They should be banned anyway. The more we can do to make their operations impossible the better.
Their mere existence makes a mockery of the idea of the stock market as a considered reflection of value of companies and explicitly makes it into a gambling den for dead-eyed people competing to have the fastest card counting systems under their suits. If a company is valuable now, it'll be valuable in 5 minutes.
So in that scenario, is it beneficial to society that someone who has a 50ms delay live feed can unload their shares at a higher price than someone with a 5s delay live feed? Or the same question for someone who has AI to parse the information and execute trades faster than the human?
There's a benefit to liquidity to everyone, but I don't really see a liquidity benefit faster than a few _minutes_, much less faster than a few _ms_: end individual traders don't even get to trade that fast anyway, they're just artificially disadvantaged against the institutions.
Earnings call is a review of the quarterly earnings document usually released earlier that day. The stonk price fluctuates almost entirely on how accurate the guidance was and what the future guidance is. Even doing excessively good in a quarter can have a negative impact because they didn't give their investors an accurate heads up. I guess maybe some horrible pro-Hitler rant may affect the price, but to zero? I haven't seen that.
It just so happens that those who advocate and benefit directly from it are the ones who already have the power to make markets. The product of a company is based on its labor utilization, which doesn't change materially in the (very) short timespans of HFT. Liquidity aside, five minutes isn't going to make much of a difference when most people generally wait weeks or months to make major asset purchases like a car or a house, or to be approved for a small business loan. Only the ultra-wealthy car about milliseconds, because they can afford to make such vast and diverse trades in so little time.
Labor utilization is only one piece of a very big puzzle. Other pieces that change more quickly include commodity and supply chain costs, competitor activities, technological advances, and many other factors, all of which can change quite quickly in our globalized world.
"Quite quickly" and "so quickly that a basement full of racks of FPGAs, point-to-point radios, transcontinental fibre runs and optical switches are required to extract our value" are maybe not exactly the same thing.
I'd wager that without hfts liquidity would be just fine. Maybe smaller stocks wouldn't become the battleground for hft algos, but aside from that they're mostly penny skimming vultures that create the illusion of liquidity as they hop in and out of stuff at fractions of a second.
I think we are going to have very different views as to what the terms "value" and "everyone" mean
because HFT's provide no value at all to the everyday person on mainstreet just looking get by and maybe put 10% of their wages into the stock market for retirement.

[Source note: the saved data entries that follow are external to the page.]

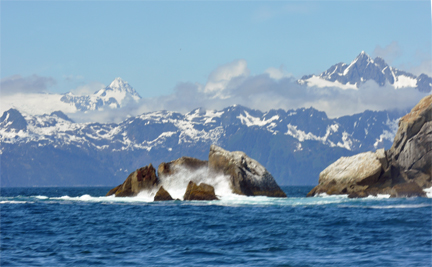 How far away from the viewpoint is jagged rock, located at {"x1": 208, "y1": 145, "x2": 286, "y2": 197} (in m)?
81.8

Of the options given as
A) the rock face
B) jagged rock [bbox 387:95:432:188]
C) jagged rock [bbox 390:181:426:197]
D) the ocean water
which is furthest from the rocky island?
the ocean water

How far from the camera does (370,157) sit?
87.2m

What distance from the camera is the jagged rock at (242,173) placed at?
8181cm

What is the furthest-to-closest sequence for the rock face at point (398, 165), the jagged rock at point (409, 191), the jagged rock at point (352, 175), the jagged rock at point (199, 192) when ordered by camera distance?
the rock face at point (398, 165) < the jagged rock at point (352, 175) < the jagged rock at point (409, 191) < the jagged rock at point (199, 192)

if by everyone you mean "the top 1%" and by value you mean "make lots of money at the expense of mainstreet investors" then sure.

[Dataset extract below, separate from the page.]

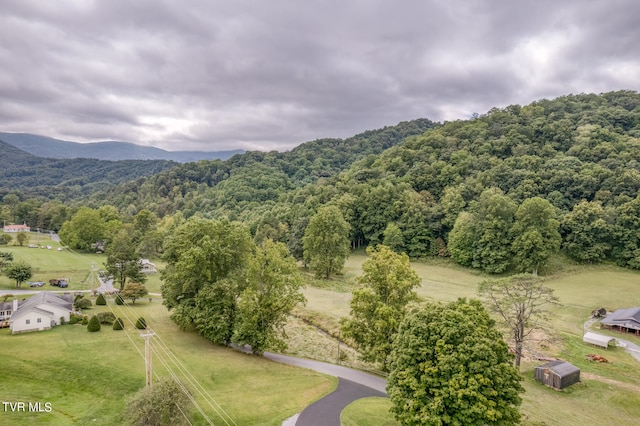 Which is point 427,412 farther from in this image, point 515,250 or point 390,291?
point 515,250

> because HFT's provide no value at all to the everyday person
If you participate in the stock market at all, you indirectly benefit from HFTs lowering the bid/ask spread and therefore getting a better price. Now matter how insignificant, but the benefit is there.
Of course if we're dealing in millions, not thousands, then the benefit is more pronounced, but a couple of cents here or there still make a difference.

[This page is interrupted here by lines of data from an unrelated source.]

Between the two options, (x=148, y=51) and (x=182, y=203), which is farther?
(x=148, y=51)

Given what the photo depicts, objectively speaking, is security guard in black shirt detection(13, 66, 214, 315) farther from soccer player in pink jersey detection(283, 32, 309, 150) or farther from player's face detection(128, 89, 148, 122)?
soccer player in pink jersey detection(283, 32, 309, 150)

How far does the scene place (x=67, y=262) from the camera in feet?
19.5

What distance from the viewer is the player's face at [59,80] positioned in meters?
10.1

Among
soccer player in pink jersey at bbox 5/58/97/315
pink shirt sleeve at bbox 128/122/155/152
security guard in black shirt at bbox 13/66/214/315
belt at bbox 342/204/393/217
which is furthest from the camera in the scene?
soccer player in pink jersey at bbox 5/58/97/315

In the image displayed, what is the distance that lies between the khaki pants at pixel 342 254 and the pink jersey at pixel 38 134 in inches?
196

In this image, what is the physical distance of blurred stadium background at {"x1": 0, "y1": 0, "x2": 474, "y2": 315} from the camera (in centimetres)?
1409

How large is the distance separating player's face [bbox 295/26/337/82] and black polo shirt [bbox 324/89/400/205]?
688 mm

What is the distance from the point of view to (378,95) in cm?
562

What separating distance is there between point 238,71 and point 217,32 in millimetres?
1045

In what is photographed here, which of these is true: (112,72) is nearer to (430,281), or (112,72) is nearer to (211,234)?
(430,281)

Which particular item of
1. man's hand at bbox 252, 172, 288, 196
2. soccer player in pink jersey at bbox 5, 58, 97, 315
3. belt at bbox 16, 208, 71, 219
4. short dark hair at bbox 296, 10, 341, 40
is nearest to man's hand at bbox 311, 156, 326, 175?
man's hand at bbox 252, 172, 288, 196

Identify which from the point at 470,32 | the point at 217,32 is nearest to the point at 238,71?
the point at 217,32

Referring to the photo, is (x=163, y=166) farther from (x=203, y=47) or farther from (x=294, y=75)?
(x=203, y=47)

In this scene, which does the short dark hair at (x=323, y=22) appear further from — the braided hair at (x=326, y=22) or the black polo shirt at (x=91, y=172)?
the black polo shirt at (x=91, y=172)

At the very worst HFT firms are a net neutral.
> "make lots of money at the expense of mainstreet investors"
Can you elaborate on this further? I don't see how HFTs make money at the expense of mainstreet investors. HFTs make money on the expense of inefficiencies, therefore making the markets more efficient.
Idk I think technological progress/humanity would do a lot better in general without the parasitic effects of people making the markets/trading their "job".
If someone writes some software, or grows some food, or balances some accounts, or paints a wall, they are all being endlessly more productive than someone who buys on a low and sells on a high and pockets the difference all within 100ms.
Investment means support and confidence in a venture or resource. I think a lot of the financial industry's problems arise from the switch from "investment in business x because I like what they're doing and am confident they'll succeed" to the mantra of "investment in business x because I don't actually care about the company but the stock history tells me I can make a quick buck". Market stability is a thing of the past, no wonder we're constantly on the edge of a recession.
Their mere existence makes a mockery of the idea of the stock market as a considered reflection of value of companies and explicitly makes it into a gambling den for dead-eyed people competing to have the fastest card counting systems under their suits. If a company is valuable now, it'll be valuable in 5 minutes.